#### Recorded data:
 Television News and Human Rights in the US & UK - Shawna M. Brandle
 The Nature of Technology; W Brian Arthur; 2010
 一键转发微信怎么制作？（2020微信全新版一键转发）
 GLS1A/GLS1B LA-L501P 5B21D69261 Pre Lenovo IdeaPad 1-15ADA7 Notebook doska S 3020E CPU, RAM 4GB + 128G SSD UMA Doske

* * *

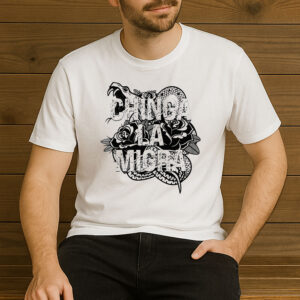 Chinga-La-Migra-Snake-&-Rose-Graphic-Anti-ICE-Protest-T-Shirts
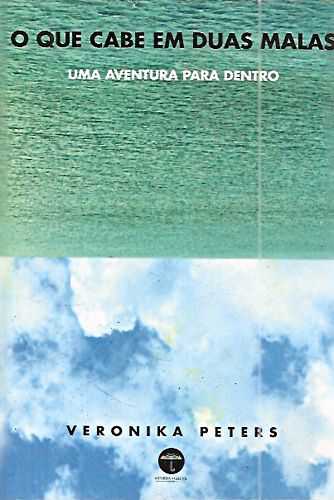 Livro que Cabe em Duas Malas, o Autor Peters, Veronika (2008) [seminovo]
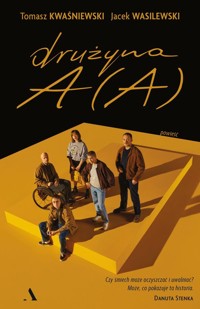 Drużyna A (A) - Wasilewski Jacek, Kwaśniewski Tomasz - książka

==

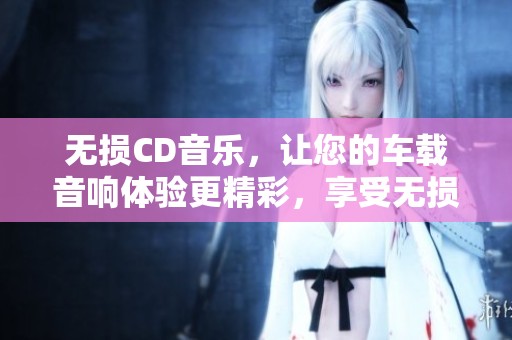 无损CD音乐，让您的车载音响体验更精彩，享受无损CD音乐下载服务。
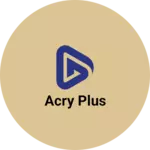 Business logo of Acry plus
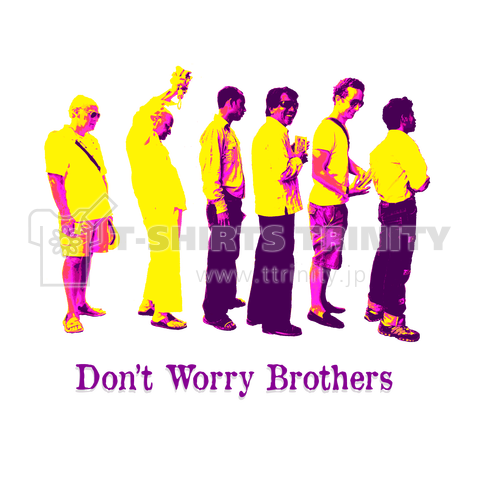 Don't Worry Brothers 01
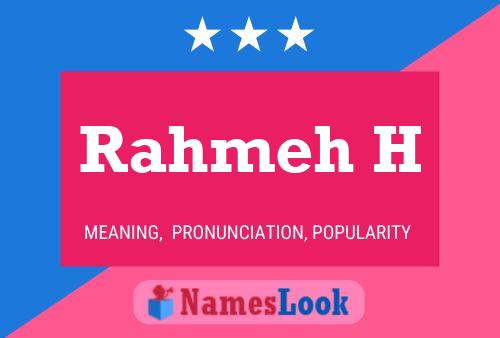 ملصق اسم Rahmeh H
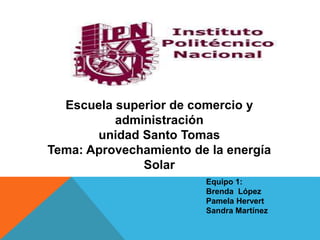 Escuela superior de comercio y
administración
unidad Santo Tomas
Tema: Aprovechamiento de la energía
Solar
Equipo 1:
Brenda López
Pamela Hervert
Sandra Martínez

#### Goal of the exercise:
Leaving each picture behind, please give again exactly the lines above from the one with "Business logo of Acry plus" through the one with "Sandra Martínez", both included, and no others.

#### Finished exercise:
 Business logo of Acry plus
 Don't Worry Brothers 01
 ملصق اسم Rahmeh H
 Escuela superior de comercio y
administración
unidad Santo Tomas
Tema: Aprovechamiento de la energía
Solar
Equipo 1:
Brenda López
Pamela Hervert
Sandra Martínez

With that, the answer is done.